## Task goal
Below are records; extract exactly the lines from the one with "大正時代　金彩蒔絵　木製漆塗吸物椀　10客　大きめ　時代物　縁起物" through the final line, including both, but drop the pictures.

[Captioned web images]
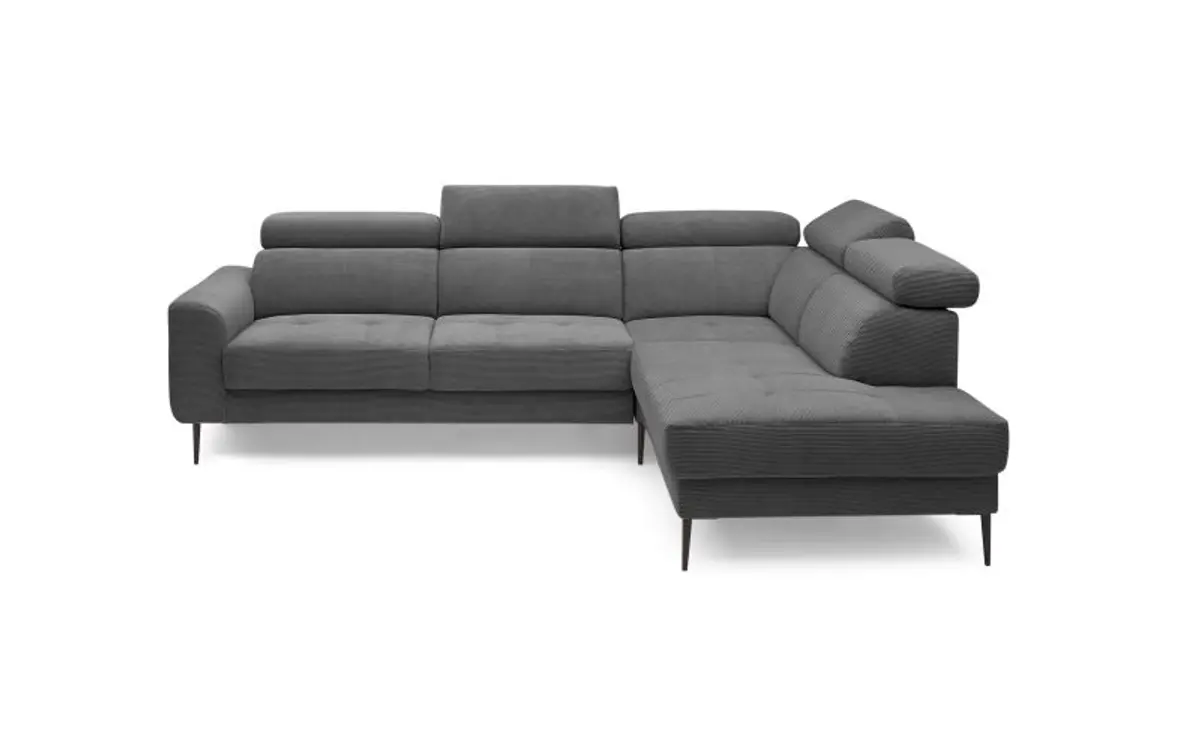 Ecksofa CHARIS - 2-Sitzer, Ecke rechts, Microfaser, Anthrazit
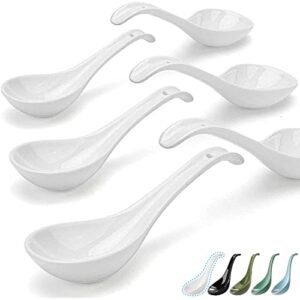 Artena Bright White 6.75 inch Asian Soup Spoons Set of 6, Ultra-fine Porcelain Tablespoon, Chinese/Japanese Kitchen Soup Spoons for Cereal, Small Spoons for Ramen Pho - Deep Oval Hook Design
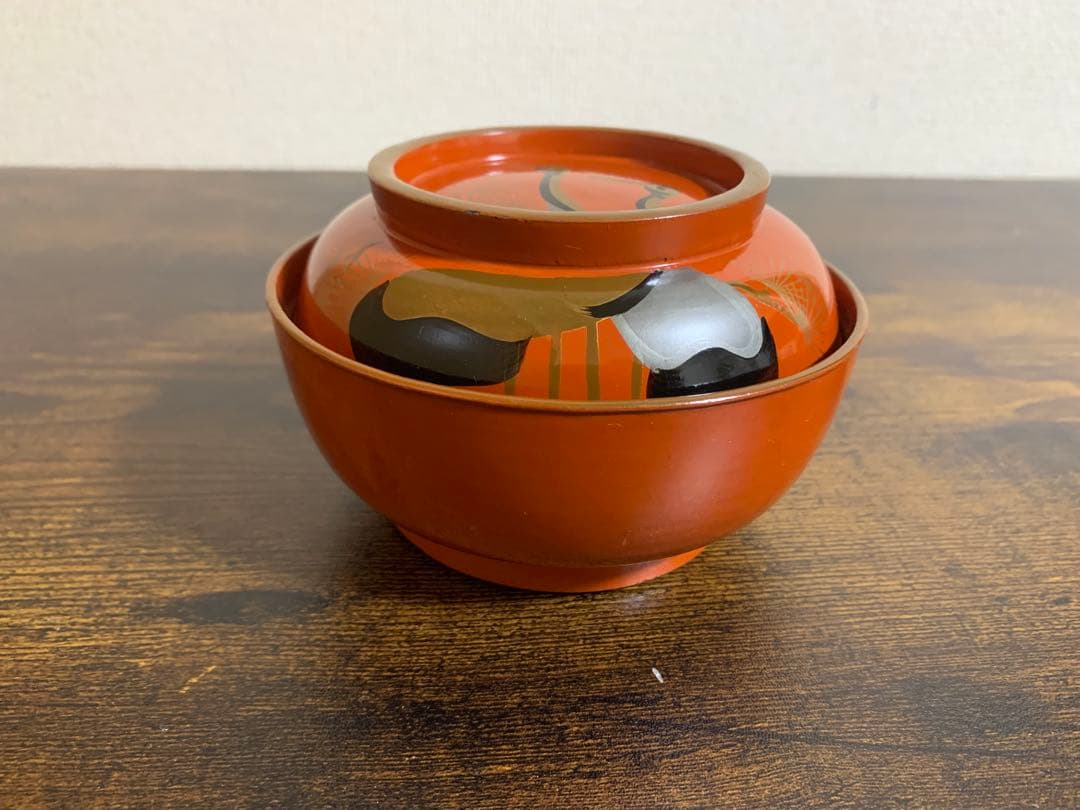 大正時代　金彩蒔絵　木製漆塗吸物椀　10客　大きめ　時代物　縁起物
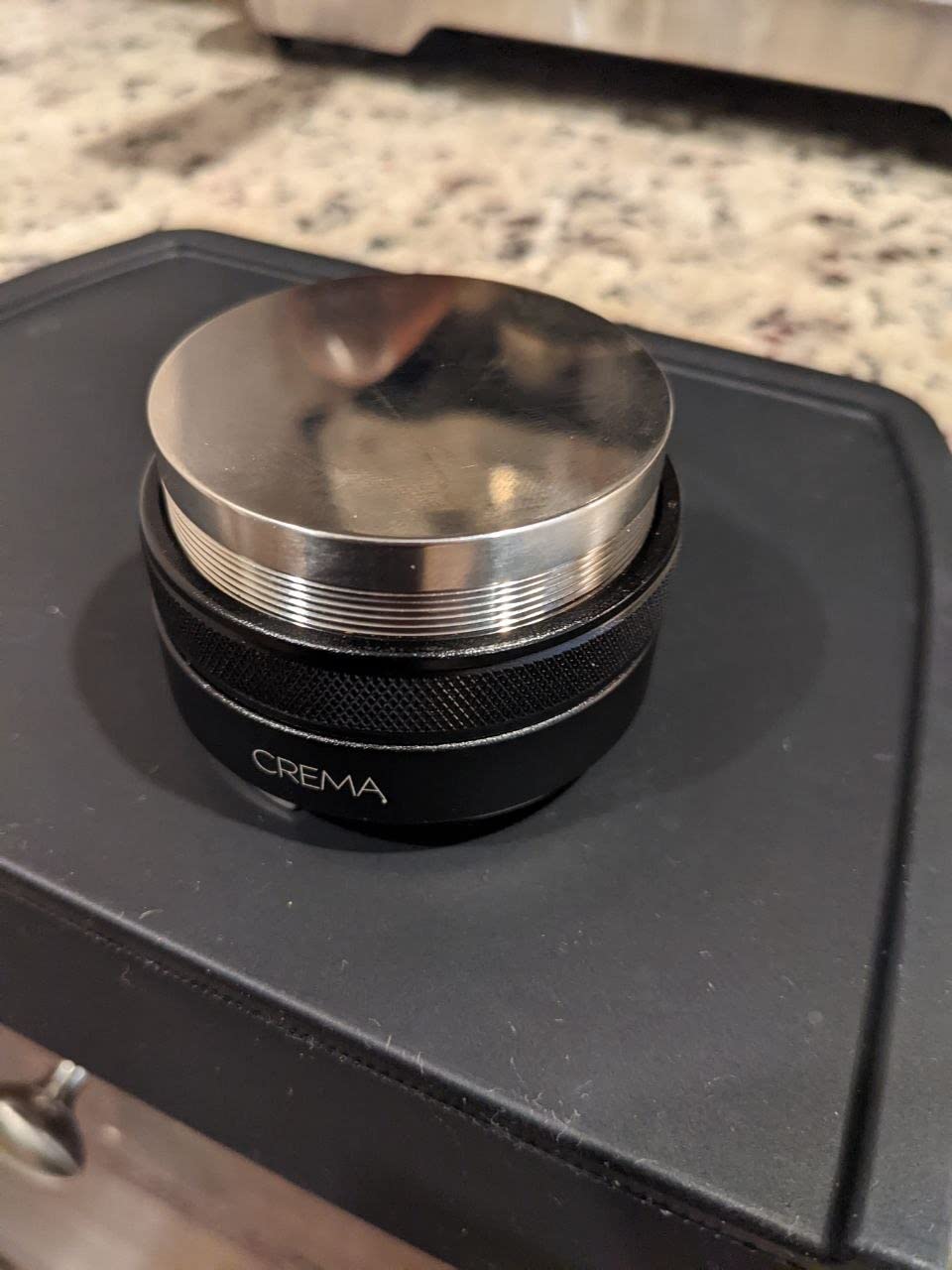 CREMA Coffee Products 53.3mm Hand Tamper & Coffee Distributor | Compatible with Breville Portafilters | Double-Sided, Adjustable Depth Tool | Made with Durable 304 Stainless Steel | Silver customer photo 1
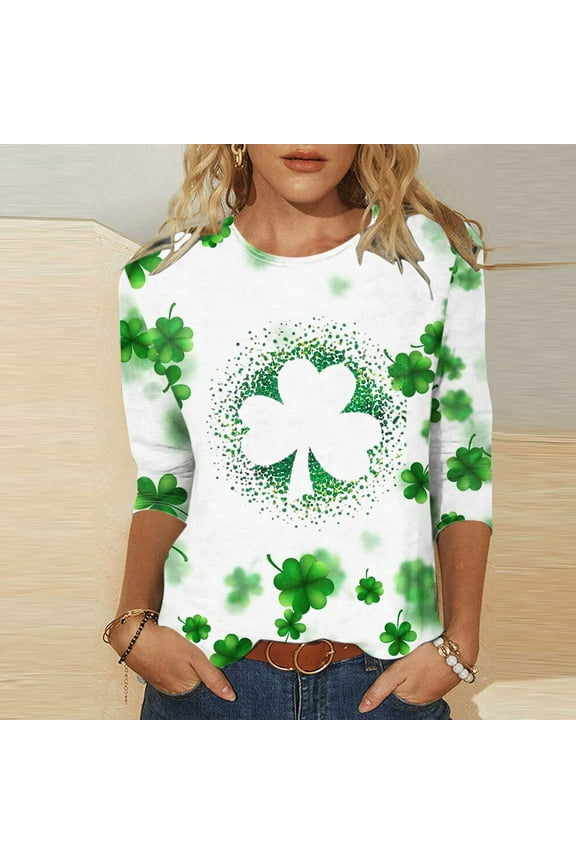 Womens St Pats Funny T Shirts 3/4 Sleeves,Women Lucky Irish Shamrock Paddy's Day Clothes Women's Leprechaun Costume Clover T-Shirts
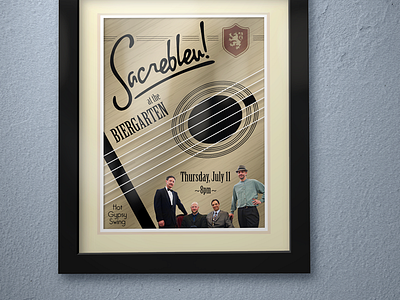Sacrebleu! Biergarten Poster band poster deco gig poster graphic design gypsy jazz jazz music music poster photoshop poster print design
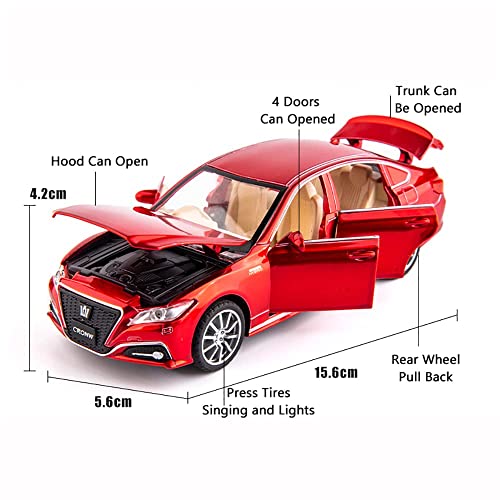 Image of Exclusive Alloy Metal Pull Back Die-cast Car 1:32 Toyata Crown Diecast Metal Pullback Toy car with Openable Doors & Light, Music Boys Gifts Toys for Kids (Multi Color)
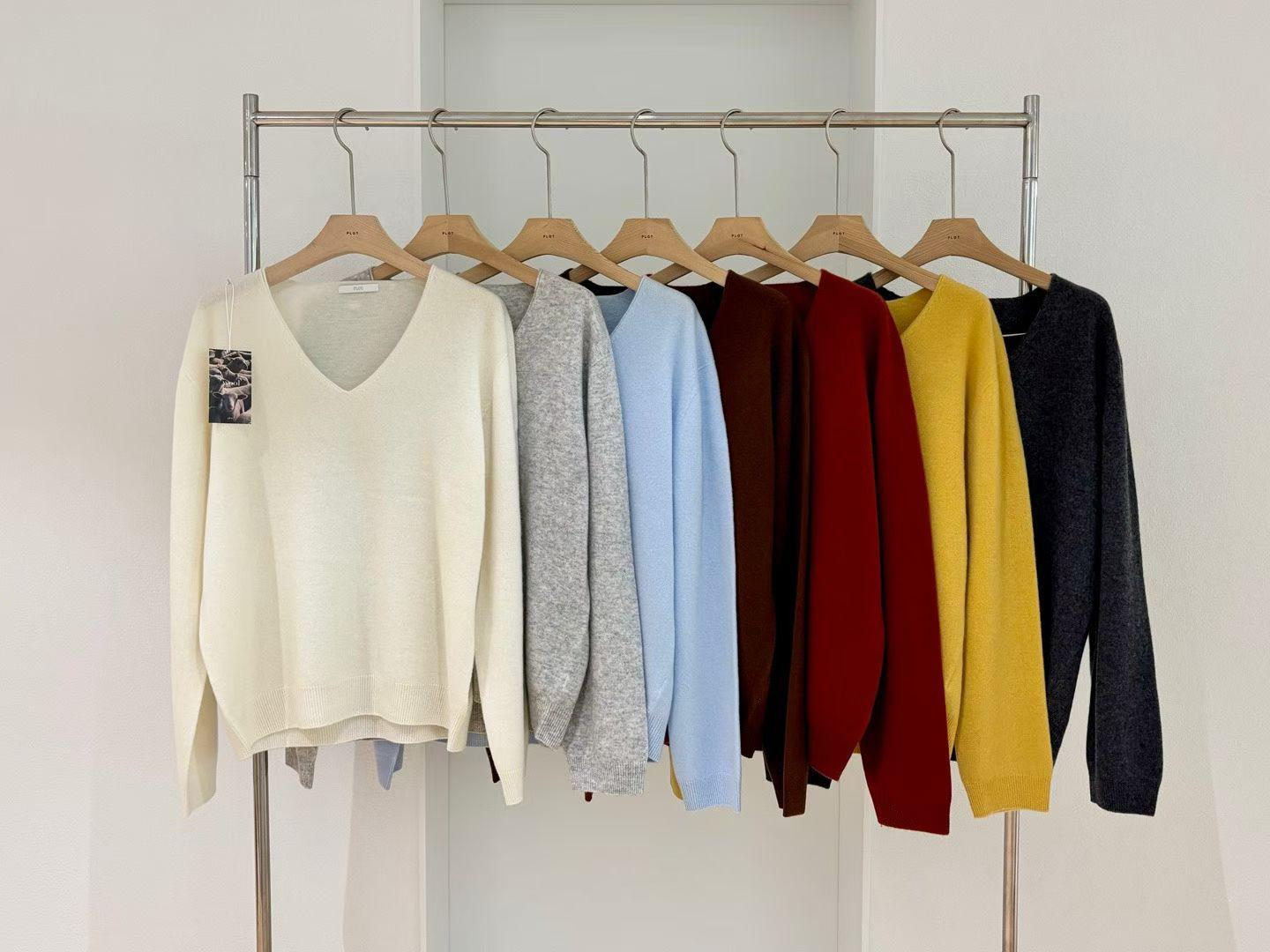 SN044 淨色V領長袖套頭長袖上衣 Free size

## Solution
 大正時代　金彩蒔絵　木製漆塗吸物椀　10客　大きめ　時代物　縁起物
 CREMA Coffee Products 53.3mm Hand Tamper & Coffee Distributor | Compatible with Breville Portafilters | Double-Sided, Adjustable Depth Tool | Made with Durable 304 Stainless Steel | Silver customer photo 1
 Womens St Pats Funny T Shirts 3/4 Sleeves,Women Lucky Irish Shamrock Paddy's Day Clothes Women's Leprechaun Costume Clover T-Shirts
Sacrebleu! Biergarten Poster band poster deco gig poster graphic design gypsy jazz jazz music music poster photoshop poster print design
 Image of Exclusive Alloy Metal Pull Back Die-cast Car 1:32 Toyata Crown Diecast Metal Pullback Toy car with Openable Doors & Light, Music Boys Gifts Toys for Kids (Multi Color)
 SN044 淨色V領長袖套頭長袖上衣 Free size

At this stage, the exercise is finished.